Перед картиной Давида
Во вступлении к «Людям Платона» мы читаем: «На картине Давида “Смерть Сократа”… отдана дань широко распространенному мнению о том, что Сократа окружали юноши-аристократы. Между тем это мнение ошибочно» (с. 29). Д.Н. приводит неумолимую статистику: в диалоге «Федон» «из двадцати трех присутствующих афинскими аристократами достоверно являются только двое, и, самое большее, пятеро – афиняне моложе тридцати лет»; среди присутствующих – «три раба, бывший раб, незаконнорожденный, две-три женщины, три ребенка и шесть чужеземцев, только один из которых, по-видимому, богат».
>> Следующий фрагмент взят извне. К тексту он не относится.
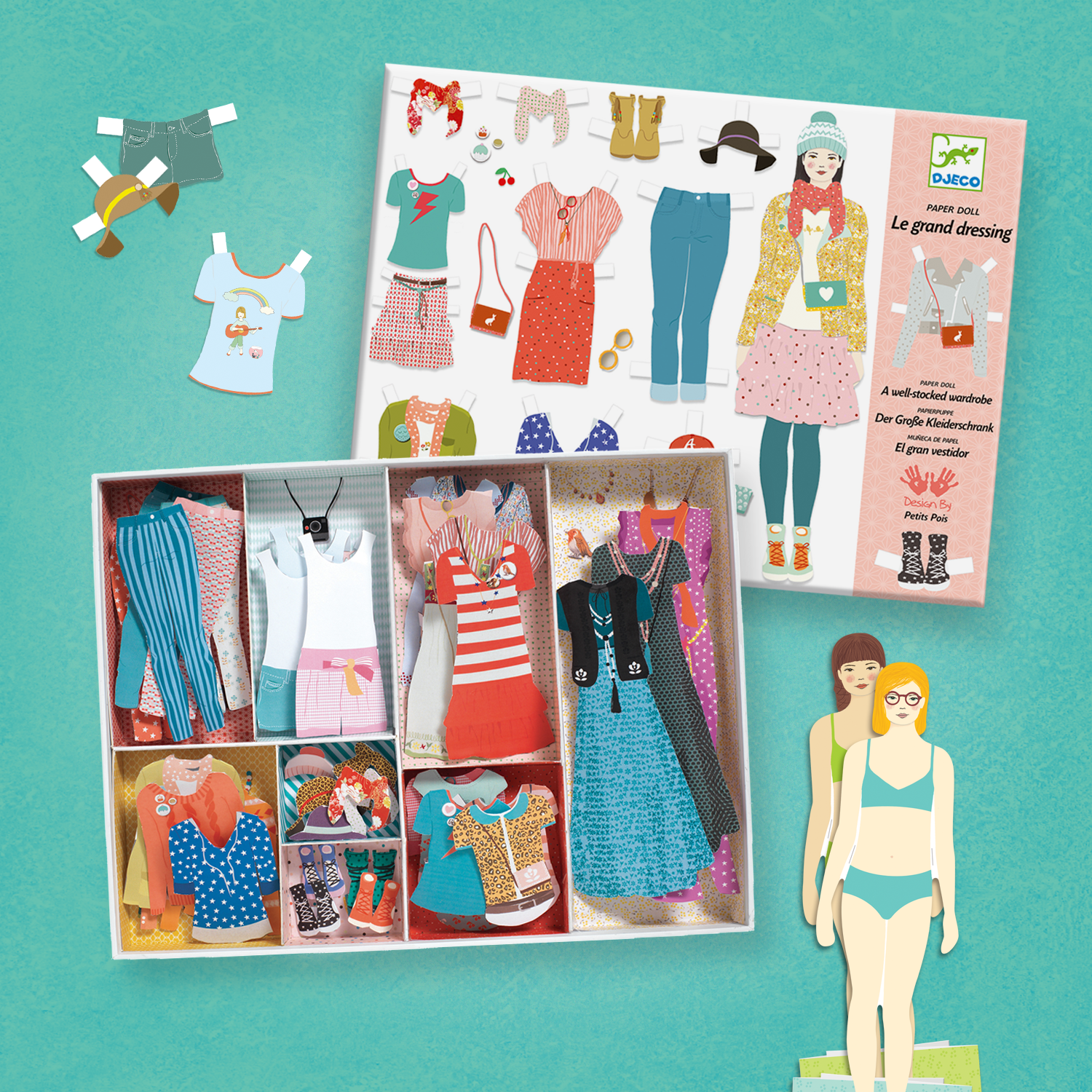 Set of paper dolls and clothing in a box on a green background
Конечно, для поддержания тезиса, что Сократу были интересны не только «красивые и богатые» (ср. «Агора», с. 209), «Федон» – наиболее подходящая иллюстрация; но достаточно сослаться на «Протагора», где представлен весь цвет афинской молодежи, чтобы нарушить эту статистику. Впрочем, даже «Федон» едва ли поддерживает образ лишенного социальных предрассудков Сократа. Женщины, дети и рабы появляются, чтобы тут же исчезнуть; Сократ благожелателен ко всем, но ему гораздо интереснее молодые интеллектуалы Симмий и Кебет, учившиеся у пифагорейца Филолая; старик Критон больше хлопочет по поводу похорон. Прочие – афиняне и чужеземцы – сохраняют молчание; можно заподозрить, что 14 имен понадобились Платону лишь ради метафоры, представляющей Сократа как своего рода Тесея (кстати упомянутого в начале диалога как спасителя знаменитых «семи пар» юношей и девушек и всех Афин).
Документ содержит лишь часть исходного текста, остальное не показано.